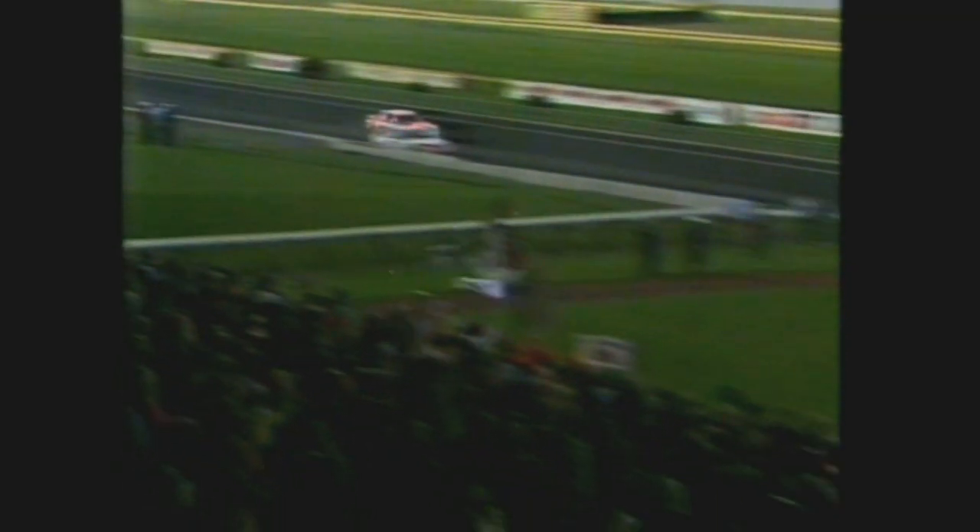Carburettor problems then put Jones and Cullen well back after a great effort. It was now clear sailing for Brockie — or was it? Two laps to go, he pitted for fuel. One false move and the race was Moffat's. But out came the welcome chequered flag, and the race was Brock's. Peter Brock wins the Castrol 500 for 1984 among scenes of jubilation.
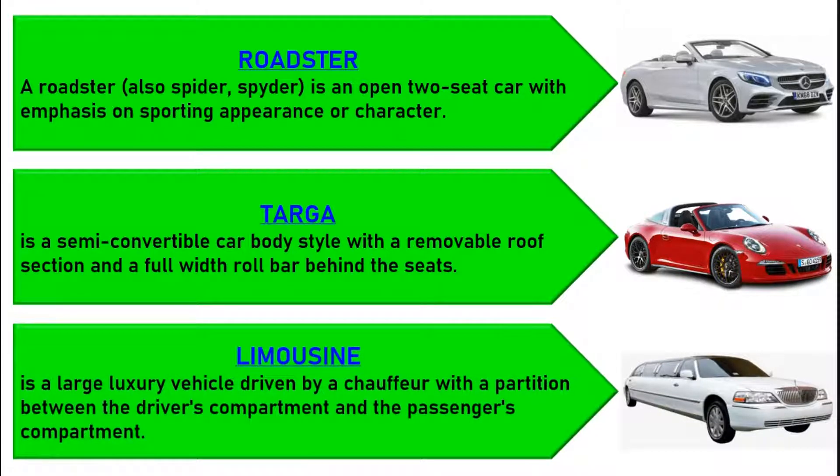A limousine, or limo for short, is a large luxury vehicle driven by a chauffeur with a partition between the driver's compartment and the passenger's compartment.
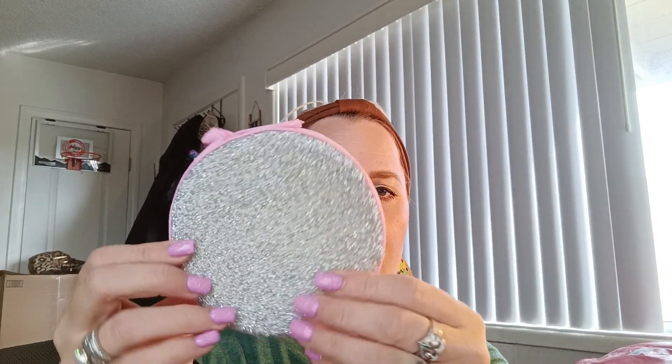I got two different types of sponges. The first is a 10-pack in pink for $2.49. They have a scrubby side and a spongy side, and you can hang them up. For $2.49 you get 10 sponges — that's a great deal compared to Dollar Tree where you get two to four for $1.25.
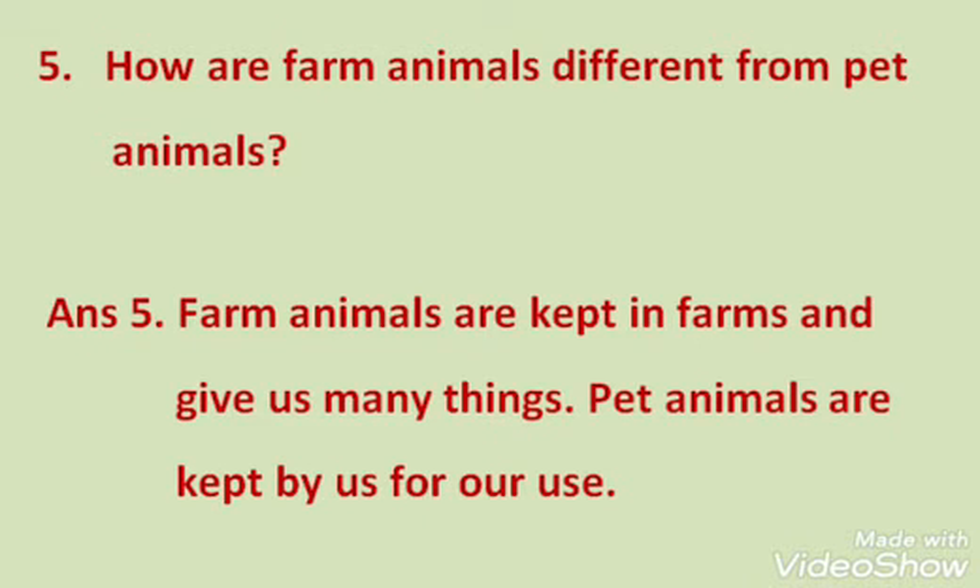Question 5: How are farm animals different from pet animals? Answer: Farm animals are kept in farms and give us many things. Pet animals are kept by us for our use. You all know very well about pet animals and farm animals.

● **Brief**: Leave out the images and copy all remaining data word for word.

● **Written solution**:
Carburettor problems then put Jones and Cullen well back after a great effort. It was now clear sailing for Brockie — or was it? Two laps to go, he pitted for fuel. One false move and the race was Moffat's. But out came the welcome chequered flag, and the race was Brock's. Peter Brock wins the Castrol 500 for 1984 among scenes of jubilation.
A limousine, or limo for short, is a large luxury vehicle driven by a chauffeur with a partition between the driver's compartment and the passenger's compartment.
I got two different types of sponges. The first is a 10-pack in pink for $2.49. They have a scrubby side and a spongy side, and you can hang them up. For $2.49 you get 10 sponges — that's a great deal compared to Dollar Tree where you get two to four for $1.25.
Question 5: How are farm animals different from pet animals? Answer: Farm animals are kept in farms and give us many things. Pet animals are kept by us for our use. You all know very well about pet animals and farm animals.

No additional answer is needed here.